The African diaspora was formed through the violence of slavery and the slave trade and through the racial oppression and political colonization that followed abolition. African peoples from different parts of the world have at many times tried to come together to pursue common political goals and forge a common identity. This class looks at key incidents of this struggle and the cultural and political challenges it has faced.

HIST 220: Freedom and Power: African Nationalism and the Independence Struggle

This class looks at the struggles of African people for freedom and self-determination from colonialism and white-minority rule. Through a series of case studies we will consider both the political and armed struggles and at questions of gender, generation, popular culture, ethnicity and religion within them.

230: Europe

HIST 230: Cops and Robin Hood

A study of medieval history, mostly in England, organized around four Robin Hood movies.

HIST 230: History thru Movies: Political Thrillers. A study of how movies have reflected and influenced American political attitudes from the eve of World War Two to the end of the Cold War.

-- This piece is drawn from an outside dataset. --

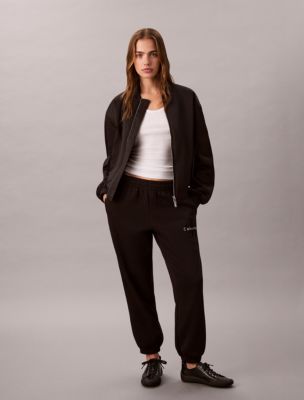 Fleece Velvet Monologo Sweatpants, Black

HIST 230: History Through Movies: France, Romance and Drama

A history of France from Louis XIV to de Gaulle through movies and readings.   

240: Comparative

HIST 240: Pirates of the Barbary and the Caribbean

How historians and others have defined and interpreted acts of piracy in the Mediterranean and the Caribbean seas, looking at novels, monographs, articles, and films.

290: Public History

HIST 290: Practicum in Archival Work

Study in the theory and practice of archival work. Involves supervision of students in HIST 190: Introduction to Archives. Prerequisites: HIST 190: Introduction to Archives, and permission of the instructor. May be repeated for credit.

300-Level Courses

310: United States

HIST 310:  Research in Monmouth College History

An introduction to the process of research and writing focused on the history and personalities of this College, culminating in a paper of permanent value at the end.

HIST 310: Family History

Introduction to the techniques of collecting genealogical information and organizing it into a narrative; videos will be used to illustrate daily life in the 20th century.

320: World

HIST 320 (BAR):  Black Atlantic Rebels

This course will focus on the intellectual history of the African diaspora in the Americas and their participation in the revolutionary movements in Europe and the Americas during the 19th and 20th centuries.